On Mon, Jun 25, 2007 at 02:07:56PM -0600, Bob Proulx wrote:
[...]
> following.  These are the same.
> 
>   [ foo -a bar ]
>   [ -n foo -a -n bar ]
> 
> This is defined by standard by the number of arguments.
> 
>   http://www.opengroup.org/onlinepubs/009695399/utilities/test.html
[...]

And it should be noted (and it's noted as well in the page
you're refering to) that while the above is true for strings
such as "foo" and "bar", it is not true in the general case.

[ -n "$foo" -a -n "$bar" ]

is not the expression to test whether both "$foo" and "$bar" are
non-empty, as it would fail for some specific values of $foo or
$bar (try it when $foo contains "=" for instance).

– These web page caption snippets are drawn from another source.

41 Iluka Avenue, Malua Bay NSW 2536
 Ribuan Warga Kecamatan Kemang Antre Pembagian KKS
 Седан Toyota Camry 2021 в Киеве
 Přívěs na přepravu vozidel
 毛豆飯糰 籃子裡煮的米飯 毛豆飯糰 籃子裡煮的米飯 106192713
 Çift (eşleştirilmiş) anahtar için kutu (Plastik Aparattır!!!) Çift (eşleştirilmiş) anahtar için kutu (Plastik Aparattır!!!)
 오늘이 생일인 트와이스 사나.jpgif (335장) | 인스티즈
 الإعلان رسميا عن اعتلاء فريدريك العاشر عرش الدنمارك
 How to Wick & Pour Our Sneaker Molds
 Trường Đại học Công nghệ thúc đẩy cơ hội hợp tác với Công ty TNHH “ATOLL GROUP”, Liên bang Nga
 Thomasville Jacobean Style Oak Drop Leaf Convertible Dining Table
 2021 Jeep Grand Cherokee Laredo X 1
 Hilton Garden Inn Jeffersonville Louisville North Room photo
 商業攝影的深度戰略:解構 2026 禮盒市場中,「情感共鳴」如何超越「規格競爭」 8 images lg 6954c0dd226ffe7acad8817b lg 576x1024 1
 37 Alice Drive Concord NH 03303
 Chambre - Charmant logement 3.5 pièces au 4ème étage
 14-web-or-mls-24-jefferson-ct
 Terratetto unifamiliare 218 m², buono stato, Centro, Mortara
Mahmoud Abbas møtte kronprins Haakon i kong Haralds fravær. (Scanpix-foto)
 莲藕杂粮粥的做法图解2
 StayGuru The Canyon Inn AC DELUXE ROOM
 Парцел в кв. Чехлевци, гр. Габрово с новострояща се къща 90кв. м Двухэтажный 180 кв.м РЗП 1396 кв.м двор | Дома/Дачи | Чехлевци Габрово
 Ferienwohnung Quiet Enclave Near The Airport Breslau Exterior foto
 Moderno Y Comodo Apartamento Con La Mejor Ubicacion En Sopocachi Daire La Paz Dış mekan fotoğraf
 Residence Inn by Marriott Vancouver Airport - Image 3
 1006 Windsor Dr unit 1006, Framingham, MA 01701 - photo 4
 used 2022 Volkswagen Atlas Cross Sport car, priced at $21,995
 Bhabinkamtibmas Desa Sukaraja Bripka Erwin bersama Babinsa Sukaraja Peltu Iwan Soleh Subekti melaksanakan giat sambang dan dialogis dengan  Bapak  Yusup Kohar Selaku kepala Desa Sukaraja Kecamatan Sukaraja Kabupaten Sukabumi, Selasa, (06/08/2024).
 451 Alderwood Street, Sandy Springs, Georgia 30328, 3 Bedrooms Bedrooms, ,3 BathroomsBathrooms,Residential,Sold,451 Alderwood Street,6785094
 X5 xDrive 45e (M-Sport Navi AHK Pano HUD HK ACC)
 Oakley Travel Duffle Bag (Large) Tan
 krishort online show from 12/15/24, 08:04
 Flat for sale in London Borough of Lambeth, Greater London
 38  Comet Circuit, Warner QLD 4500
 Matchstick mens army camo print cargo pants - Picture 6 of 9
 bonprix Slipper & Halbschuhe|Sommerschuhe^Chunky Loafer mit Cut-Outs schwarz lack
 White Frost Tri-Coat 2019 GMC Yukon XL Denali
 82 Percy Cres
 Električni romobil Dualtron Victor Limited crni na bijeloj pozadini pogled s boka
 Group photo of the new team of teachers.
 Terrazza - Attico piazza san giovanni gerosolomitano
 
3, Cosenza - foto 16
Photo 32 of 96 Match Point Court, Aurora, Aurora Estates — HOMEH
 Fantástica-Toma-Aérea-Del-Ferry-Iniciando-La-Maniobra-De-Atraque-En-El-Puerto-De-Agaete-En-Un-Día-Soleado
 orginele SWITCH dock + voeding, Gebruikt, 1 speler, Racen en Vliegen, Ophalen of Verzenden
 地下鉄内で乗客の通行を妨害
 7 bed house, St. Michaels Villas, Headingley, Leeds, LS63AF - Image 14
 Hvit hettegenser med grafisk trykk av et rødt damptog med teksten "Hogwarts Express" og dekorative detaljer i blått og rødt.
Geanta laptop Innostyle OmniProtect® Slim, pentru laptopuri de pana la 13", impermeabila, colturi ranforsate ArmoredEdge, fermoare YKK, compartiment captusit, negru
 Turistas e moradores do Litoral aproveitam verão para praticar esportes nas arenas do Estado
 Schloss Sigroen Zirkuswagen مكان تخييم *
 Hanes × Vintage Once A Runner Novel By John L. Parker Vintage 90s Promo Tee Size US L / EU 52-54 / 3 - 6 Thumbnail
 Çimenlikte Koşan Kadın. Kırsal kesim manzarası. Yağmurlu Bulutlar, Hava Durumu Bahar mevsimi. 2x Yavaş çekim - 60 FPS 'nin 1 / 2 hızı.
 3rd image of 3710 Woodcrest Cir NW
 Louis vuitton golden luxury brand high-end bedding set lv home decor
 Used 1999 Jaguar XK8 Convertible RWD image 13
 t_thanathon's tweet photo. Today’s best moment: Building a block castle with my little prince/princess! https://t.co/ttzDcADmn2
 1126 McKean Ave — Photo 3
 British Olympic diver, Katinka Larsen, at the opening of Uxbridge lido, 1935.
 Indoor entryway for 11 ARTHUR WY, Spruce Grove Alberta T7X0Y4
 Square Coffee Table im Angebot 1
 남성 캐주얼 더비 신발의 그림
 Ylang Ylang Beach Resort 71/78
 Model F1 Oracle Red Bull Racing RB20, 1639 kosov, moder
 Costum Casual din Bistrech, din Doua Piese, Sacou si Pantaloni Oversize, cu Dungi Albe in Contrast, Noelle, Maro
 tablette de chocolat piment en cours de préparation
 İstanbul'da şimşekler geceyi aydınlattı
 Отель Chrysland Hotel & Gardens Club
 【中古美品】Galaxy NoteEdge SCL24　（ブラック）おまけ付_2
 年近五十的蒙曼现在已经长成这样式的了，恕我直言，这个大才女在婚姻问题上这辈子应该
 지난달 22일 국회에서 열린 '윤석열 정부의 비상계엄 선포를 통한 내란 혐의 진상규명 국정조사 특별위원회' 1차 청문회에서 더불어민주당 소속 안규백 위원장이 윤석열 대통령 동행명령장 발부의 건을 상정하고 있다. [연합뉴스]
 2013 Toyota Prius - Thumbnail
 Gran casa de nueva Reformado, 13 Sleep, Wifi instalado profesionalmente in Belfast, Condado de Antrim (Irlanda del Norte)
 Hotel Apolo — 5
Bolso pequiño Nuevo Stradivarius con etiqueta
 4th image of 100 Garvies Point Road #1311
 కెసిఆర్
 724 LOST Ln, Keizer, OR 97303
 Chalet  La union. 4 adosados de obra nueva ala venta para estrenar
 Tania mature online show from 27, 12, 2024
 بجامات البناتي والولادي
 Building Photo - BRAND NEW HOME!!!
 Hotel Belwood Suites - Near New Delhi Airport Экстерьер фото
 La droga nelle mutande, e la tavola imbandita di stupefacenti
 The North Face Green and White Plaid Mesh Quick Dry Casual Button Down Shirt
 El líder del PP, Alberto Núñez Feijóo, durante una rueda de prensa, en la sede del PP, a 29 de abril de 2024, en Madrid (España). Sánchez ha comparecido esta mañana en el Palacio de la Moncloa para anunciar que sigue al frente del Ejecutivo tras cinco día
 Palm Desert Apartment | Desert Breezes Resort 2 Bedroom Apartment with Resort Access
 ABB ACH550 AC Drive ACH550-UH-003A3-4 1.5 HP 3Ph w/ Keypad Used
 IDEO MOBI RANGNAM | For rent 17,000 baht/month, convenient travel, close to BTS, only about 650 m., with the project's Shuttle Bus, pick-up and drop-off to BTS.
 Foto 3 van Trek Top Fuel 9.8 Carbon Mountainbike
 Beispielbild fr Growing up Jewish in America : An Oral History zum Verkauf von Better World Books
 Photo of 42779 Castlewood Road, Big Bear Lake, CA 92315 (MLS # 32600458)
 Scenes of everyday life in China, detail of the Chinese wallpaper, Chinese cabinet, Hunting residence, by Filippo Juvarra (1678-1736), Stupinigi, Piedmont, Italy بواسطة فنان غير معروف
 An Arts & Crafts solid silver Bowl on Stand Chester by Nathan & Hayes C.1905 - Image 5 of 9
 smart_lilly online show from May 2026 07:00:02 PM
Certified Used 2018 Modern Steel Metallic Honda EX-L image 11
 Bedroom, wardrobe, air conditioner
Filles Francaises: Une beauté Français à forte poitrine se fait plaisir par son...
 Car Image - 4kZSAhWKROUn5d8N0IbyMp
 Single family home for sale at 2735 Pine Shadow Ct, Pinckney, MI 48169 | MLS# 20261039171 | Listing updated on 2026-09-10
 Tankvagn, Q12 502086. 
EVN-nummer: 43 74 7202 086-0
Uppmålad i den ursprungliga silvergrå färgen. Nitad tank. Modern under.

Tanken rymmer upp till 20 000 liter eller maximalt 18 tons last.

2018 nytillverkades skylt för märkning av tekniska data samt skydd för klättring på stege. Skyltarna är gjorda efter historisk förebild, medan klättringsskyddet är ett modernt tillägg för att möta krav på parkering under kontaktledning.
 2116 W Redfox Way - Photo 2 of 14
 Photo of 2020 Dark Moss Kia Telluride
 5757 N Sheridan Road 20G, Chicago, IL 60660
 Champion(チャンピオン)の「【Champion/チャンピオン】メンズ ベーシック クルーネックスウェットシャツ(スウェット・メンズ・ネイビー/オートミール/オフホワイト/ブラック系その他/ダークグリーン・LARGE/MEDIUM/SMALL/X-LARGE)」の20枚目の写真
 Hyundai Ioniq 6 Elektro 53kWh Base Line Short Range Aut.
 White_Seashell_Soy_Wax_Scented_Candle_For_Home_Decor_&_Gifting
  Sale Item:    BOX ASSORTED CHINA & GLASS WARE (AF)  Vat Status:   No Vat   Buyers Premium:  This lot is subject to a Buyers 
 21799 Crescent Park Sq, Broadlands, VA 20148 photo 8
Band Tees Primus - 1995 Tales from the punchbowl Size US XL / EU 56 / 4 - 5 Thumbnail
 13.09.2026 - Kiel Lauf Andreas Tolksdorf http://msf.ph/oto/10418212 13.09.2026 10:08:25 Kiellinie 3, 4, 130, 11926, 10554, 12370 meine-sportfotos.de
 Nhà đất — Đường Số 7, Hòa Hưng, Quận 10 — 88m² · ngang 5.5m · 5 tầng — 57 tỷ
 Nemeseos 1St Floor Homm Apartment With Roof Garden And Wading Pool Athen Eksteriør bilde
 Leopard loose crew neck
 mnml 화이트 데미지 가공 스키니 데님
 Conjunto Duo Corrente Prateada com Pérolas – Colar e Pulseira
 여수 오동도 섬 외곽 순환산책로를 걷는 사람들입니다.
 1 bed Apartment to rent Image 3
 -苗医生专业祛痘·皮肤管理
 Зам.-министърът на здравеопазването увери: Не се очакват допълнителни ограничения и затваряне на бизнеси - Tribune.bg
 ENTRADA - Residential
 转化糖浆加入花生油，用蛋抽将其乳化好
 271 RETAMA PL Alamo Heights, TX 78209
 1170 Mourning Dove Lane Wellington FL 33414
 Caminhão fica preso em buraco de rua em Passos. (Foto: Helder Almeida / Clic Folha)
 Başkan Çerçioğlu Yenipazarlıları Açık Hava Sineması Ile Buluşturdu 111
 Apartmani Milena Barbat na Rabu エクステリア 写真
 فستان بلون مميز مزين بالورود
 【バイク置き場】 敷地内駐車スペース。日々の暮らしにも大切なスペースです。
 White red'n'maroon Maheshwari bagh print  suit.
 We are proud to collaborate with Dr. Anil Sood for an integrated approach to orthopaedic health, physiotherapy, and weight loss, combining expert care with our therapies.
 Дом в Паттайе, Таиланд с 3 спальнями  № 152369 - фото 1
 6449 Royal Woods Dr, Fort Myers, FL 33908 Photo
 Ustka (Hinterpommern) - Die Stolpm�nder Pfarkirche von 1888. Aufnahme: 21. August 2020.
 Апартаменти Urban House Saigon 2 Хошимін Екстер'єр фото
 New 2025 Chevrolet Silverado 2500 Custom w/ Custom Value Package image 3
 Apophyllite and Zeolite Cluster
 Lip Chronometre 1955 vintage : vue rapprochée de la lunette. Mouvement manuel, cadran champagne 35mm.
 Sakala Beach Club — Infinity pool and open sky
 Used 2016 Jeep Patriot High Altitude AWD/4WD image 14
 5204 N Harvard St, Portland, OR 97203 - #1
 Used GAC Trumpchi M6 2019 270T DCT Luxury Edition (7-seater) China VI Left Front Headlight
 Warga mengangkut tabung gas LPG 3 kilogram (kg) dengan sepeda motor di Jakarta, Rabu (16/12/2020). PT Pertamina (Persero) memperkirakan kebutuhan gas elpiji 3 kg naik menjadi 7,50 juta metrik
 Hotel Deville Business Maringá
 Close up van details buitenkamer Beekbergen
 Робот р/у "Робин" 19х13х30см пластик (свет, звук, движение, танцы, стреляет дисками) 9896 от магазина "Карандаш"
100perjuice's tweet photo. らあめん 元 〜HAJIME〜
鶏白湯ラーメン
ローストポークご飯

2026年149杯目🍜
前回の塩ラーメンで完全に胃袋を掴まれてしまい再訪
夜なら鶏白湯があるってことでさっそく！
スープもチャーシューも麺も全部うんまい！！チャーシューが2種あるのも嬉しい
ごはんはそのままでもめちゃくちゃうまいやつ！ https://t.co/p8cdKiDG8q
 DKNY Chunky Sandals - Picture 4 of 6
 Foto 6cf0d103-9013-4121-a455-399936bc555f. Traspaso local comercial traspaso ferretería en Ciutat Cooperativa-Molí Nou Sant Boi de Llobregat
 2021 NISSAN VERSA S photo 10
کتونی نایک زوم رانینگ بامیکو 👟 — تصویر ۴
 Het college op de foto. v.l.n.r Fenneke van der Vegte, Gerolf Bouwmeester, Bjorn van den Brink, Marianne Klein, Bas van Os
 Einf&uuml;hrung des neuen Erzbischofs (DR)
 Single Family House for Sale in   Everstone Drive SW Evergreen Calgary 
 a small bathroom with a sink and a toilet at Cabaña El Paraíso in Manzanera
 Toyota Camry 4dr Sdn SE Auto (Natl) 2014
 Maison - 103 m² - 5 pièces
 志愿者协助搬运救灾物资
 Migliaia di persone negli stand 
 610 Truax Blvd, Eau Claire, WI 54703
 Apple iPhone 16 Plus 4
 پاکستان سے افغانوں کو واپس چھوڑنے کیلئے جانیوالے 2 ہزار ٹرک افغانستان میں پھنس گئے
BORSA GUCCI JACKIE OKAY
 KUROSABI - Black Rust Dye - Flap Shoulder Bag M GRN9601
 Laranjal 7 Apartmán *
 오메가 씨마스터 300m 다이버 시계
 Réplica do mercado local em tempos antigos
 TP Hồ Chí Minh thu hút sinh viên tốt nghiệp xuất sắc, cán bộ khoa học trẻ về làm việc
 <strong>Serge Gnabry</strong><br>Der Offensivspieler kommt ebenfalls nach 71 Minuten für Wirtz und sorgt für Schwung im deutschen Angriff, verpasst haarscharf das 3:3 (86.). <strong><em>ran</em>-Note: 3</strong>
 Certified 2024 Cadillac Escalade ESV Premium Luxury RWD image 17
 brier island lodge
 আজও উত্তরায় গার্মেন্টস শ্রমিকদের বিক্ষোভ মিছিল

That's why it's useful to remember those rules:

- don't call "[" with more than 3 arguments (beside the "[" and
"]" ones). That is use [ -f "$f" ] && ! [ -h "$f" ] instead of [
-f "$f" -a ! -f "$f" ] for instance.

That at least would keep you out of troubles with POSIX
conformant shells. Then for shells that are still not POSIX
conformant (such as the Bourne shell, or the BSD shs (ash) or
some old kshs).

- prefer [ -n "$string" ] over [ "$string" ]
- [ foo = "$var" ] over [ "$var" = foo ]
- [ "x$a" = "x$b" ] over [ "$a" = "$b" ]
- [ whatever != whatever ] over [ ! whatever = whatever ]

Note that the [[ ... ]] and (( ... )) contructs don't have such
issues, but those are not standard contructs.